[DATA PROVIDED Boundary: Start]

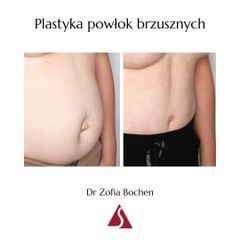 Plastyka brzucha - Klinika Dr Szczyt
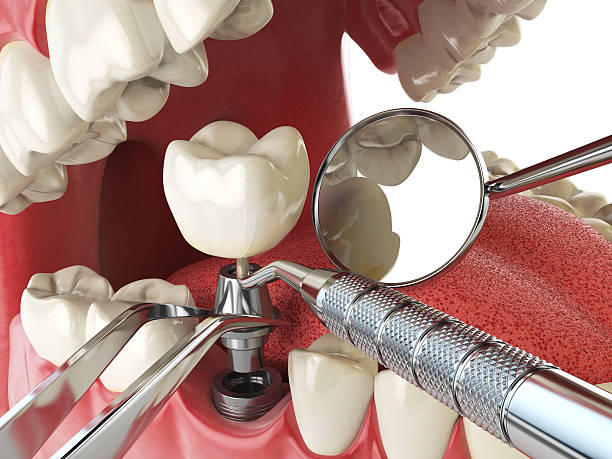 Best Emergency Denture Repair in Monument Beach, MA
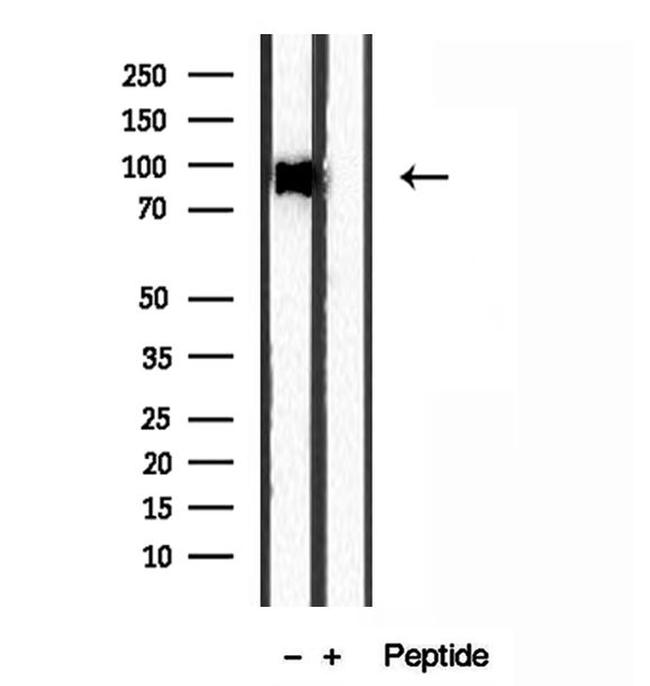 EXOC2 Antibody in Western Blot (WB)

[DATA PROVIDED Boundary: End]

Reproduce the material above in full, exactly, with no images.

 Plastyka brzucha - Klinika Dr Szczyt
 Best Emergency Denture Repair in Monument Beach, MA
 EXOC2 Antibody in Western Blot (WB)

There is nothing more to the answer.